Weltklasse und in bestechender Form gleich zu Anfang die 2004 Kallstadter Saumagen Auslese trocken R von Koehler-Ruprecht, die gegenüber den Vorjahren kräftig zugelegt hat. Irre Nase, sehr komplex, burgundisch, straffe, kalkige Mineralität und einfach geniale Struktur mit grandioser Länge – WT97. Aus 1963 kann man nur Port saufen? Lachhaft. Man muss nur richtig suchen und das natürlich im richtigen Keller. Einen in 63 geborenen Freund durfte ich an diesem Abend glücklich machen mit dieser so genialen 1963 Wehlener Sonnenuhr feine Auslese von S.A. Prüm. Ein einmaliges, immer noch so vitales, überzeugendes und auch emotionales Erlebnis. Brilliantes, tiefes Goldgelb, in der Nase weiße Früchte, Bienenwachs und das torfige eines großen Whiskys, wirkt am Gaumen mit der immer noch guten Säure harmonisch trocken und sehr balanciert - WT94. Sensationell entwickelt hat sich auch der früher schon häufiger getrunkene 1968 Castillo YGAY von Marques de Murietta. Der wirkte so fein, so elegant mit Scharzer Johannisbeere in der Nase, am Gaumen sehr balanciert mit weichen, seidigen Tanninen und sehr guter Länge. Geht auch als 30 Jahre jünger durch – WT96. So offen, so elegant und geradezu tänzerisch, aber auch mit einem ersaunlichen Schuss Hedonismus der 1990 Margaux, dazu Minze und auch etwas Eukalyptus. Hier wirft die Eisenfaust im Samthandschuh mit Wattebäuschchen – WT98. in absolutem Bestzustand zeigte sich 1990 La Conseillante. Das war die große, hedonistische Schokoladenoper, dabei noch so jung mit perfekter Struktur, einfach genial – WT99. Auch der in seiner Jugend belächelte und erst vor wenigen Jahren aufgeblühte 1985 Latour zeigte sich als jugendlicher, kräftiger, mineralischer Latour mit der typischen Walnussaromatik von seiner besten Seite – WT96. Schade, dass das inzwischen kein Geheimtipp mehr ist.
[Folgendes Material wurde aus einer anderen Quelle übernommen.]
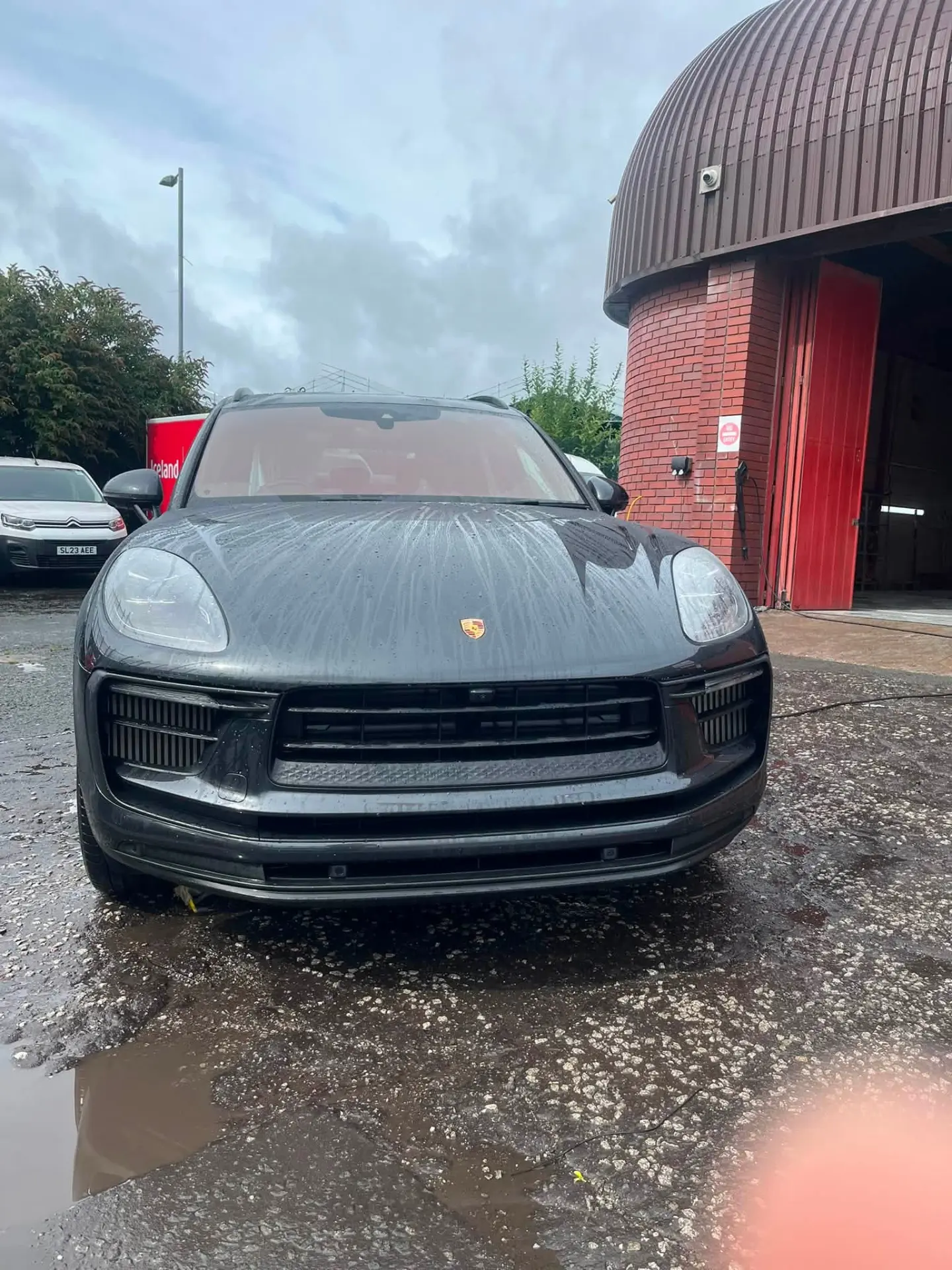 Porsche Macan outside the Spartan Auto Repair workshop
Einfach geiles Zeugs war dieser 1990 Penfolds Grange, Cassis ohne Ende in dicker Schokokruste mit einem kräftigen Schuss Eukalyptus, aber nicht überladen, sondern mit durchaus präzisen Konturen und viel Potential – WT97+. Der schiere, kalifornische Wahnsinn danach der 1999 Foley Claret, der trotz superber, reifer Frucht und irrem, aromatischem Druck so fein und elegant wirkte. So stimmig, komplex und mit viel Tiefgang und Länge. Ein echtes, kalifornisches Meisterwerk – WT99. Gerne hätte ich zum Schluss auch noch das Loblied auf den 2005 Gantenbein Pinot Noir gesungen, aber der hatte einen leichten Stich und zeigte nicht die gewohnte Klasse.
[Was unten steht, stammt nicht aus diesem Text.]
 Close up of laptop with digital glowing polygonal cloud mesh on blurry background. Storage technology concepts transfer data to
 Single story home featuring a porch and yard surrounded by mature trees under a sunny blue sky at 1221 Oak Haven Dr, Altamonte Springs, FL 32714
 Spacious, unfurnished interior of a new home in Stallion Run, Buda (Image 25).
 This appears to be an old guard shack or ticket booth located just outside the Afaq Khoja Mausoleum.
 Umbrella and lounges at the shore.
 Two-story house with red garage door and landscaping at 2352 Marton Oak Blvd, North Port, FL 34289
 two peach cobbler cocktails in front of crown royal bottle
Wer die Worte „jung“ und „jugendlich“ hier nicht mehr hören kann, der sollte wissen, dass alle Weine – die 90er z.B. seit Subskription – unberührt in meinem selbst im Hochsommer nie über 11 Grad warmen Keller bei hoher Luftfeuchtigkeit liegen. Wie viel das ausmacht, merke ich immer wieder, wenn ich solche Weine in Restaurants oder auf Proben aus wärmerer Lagerung trinke. Wer große Weine länger lagern möchte und das großartige, spätere Erlebnis solch perfekt gelagerter Raritäten sucht, sollte unbedingt einen nicht unwesentlichen Teil seines Weinbudgets in entsprechende Lagerung investieren.

In Eders Eichmühle

Sie gehört zu meinen Schweizer Lieblingsrestaurants, diese malerisch oberhalb des Zürichsees gelegene Eichmühle. Die war auch Ende Januar unser Zeil für einen feinen Lunch:

Da kommt man in die Schweiz, möchte noch was Feines zu Mittag essen, und kommt dann in Eders Eichmühle oberhalb des Zürisees aus dem Staunen nicht mehr raus. Stand da doch der, rassige, mineralische 2013 Gantenbein Riesling trocken auf der Karte. Der musste natürlich sofort in unsere Gläser. Irre, diese "Hermannshöhle" à la Gantenbein. Perfekter Begleiter zu Eders großartigem Fischmenü. Rassig, mineralisch, furztrocken mit präziser, in der Nase (nur dort) leicht süßer, betörender Frucht, und mit unerhörter Brillianz – WT95.

Weiter ging es mit einem noch (zu) jungen 2010 Echezeaux von Faiveley. Der war blaubeerig, kräftig und erst stückweit verschlossen, entwickelte sich aber mit zunehmender Luft und wurde immer feiner – WT93. Den Abschluss machte eine 2010 Umathum TBA, ein ziemlich fülliger Marillenlikör, dem bei aller Süße einfach die Säure fehlte – WT89.